金吾「そんなことのために、夜の森を駆け回るなんて危険な真似はしない。お前は馬鹿じゃないからな」

 メディアリアは唇を噛み、沈黙する。

 やがて、勇気を振り絞るように声を上げた。

メディアリア「……あ、あの!!」

金吾「お断りだ」

 金吾の返答は冷たく、鋭かった。

 少女は悲しい目をして、じっと彼を見つめる。

メディアリア「パーティを……」

金吾「だから、お断りだって言ってんだよ」

 金吾は間髪入れずに突き放す。

メディアリア「……じゃあ」

金吾「それもお断りだ」

 まだ何も言っていないのに、金吾は先回りして拒絶する。

 少女は俯き、肩を震わせる。

 その沈黙が、無言の反論のように金吾の胸を刺した。

金吾「はぁ……」

 ため息をつき、これでもかというほど嫌な顔をして答える。

金吾「どうしてお前の指導なんかしないといけないんだ? バカバカしい。他のやつに当たれよ」

 メディアリアは俯いたまま、悲しげな顔をしていた。その表情に、金吾はわずかにバツが悪くなる。

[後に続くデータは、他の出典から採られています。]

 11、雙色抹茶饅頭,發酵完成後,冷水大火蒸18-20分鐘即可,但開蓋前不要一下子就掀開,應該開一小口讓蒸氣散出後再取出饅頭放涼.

金吾「ギルドはいろんな講習を開いている。まずはそこでいろいろ学ぶことだな。魔法の制御方法も、魔獣の習性も。初心者全般の講習だって開かれている、受付にでも聞けよ」

メディアリア「講習は受けています。でも、よく分からなくて……」

 少女の声は焚き火の音にかき消されそうなほど小さく力弱かった。

金吾「どーせ同じ講師ばかり選んでいるんだろう」

 金吾は干し肉を噛みながら吐き捨てる。

金吾「手当たり次第に受けてみろ。そうすれば誰が優秀かがわかる。自分の才能だけで成り上がったやつと、そうでない奴らの違いが、な。」

 焚き火の火がぱちりと弾ける。

金吾「後は装備を整えることだ。最低限の鎧と、魔法つかいなら杖だな。金をためて買うんだよ。まず冒険者としてやっていくのなら、それが最低限だ」

メディアリア「装備を、整えたら、パーティを組んでくれますか」

金吾「何度も言わせるなっ!! 俺は組まない!! 誰ともな!」

 焚き火の炎が弾け、金吾の怒声が岩屋戸に響いた。

金吾「それにお前なら、引っ張りだこだろ。それだけの魔力が初心者からあるってことは、相当な才能だ。誰にだってわかることだ。自分自身なら、なおさらだろう。」

 メディアリアは唇を震わせる。

メディアリア「……全然、制御できないから……」

金吾「それでパージされるわけか」

 金吾は鼻を鳴らす。

金吾「だが、お前ならいつかは乗り越えられる。俺なんかに、いちいち構うな。」

 その言葉は、彼女がこれまで何度も浴びせられてきたものだった。

メディアリア「わたしには、才能なんかありません。こんなことも、出来ないんだから」

金吾「あのなあ!!」

 突然の怒声に、メディアリアは肩を震わせる。

金吾「そんな甘っちょろいことを言って、お前、本気で冒険者で生きていく気があるのか? 誰もが羨む才を持っている癖に、少しつまずいたからって弱音を吐きやがって、俺を馬鹿にしているのか!? ああ!?」

メディアリア「馬鹿になんか……」

 少女か細い声が、焚き火の弾ける音に、溶けるように消えていく。

 金吾は立ち上がり、拳を握りしめる。

金吾「お前は凡人が焦がれても手に入らないものを持っている。なら、それを活かす術を死ぬ気で学べよ。例え資産が何もなかったとしても、戦わなければならないのが冒険者だ。MPが0でも木の棒持ってスライムを狩らないと生きていけないんだよ。それなのに、特上の武器を持っているくせに、その扱いができないなんて、馬鹿にしていないのなら何なんだ? そうでないのなら――っ!!」

 言葉が熱を帯び、立ち上がった金吾の声は怒りと焦燥に震えていた。

 だが次の瞬間、必死になって冷静さを取り戻そうとして、深い息を吐き、ゆっくりと座り込む。

金吾「……死ぬだけだ。そういう商売なんだよ、冒険者ってのは」

 焚き火の赤い光が彼の横顔を照らす。

金吾「だから、常に己を知っておけ。自分の役割を探せ。パーティに加入させてもらうなんて受け身の考え方はやめろ。自分の仕事を、自分の身の丈を知るんだ。」

メディアリア「身の丈を知る……」

 少女はその言葉を繰り返し、胸に刻むように呟いた。

金吾「自分の身の丈を知っていれば、自分の役割を知っておけば、そのうちパーティも組めるだろう。お前を使いこなせないのなら、そのパーティがだめなんだ。そう思えるくらいの反骨心を持って生きろ」

 焚き火の炎がぱちりと弾け、二人の影が壁に揺れた。

 その言葉は、今まで聞いたどのアドバイスよりも、少女の心に重く響いていた。

 ――だからこそ、この人と徒党を組みたいと、それこそが最良の選択だと確信した。小さな、ほんの少しの小さな直感だったものだったが、その正しさが証明されたような気がした。

 悲しげな、自分と同じ悲しげな、瞳を持っているこの人と。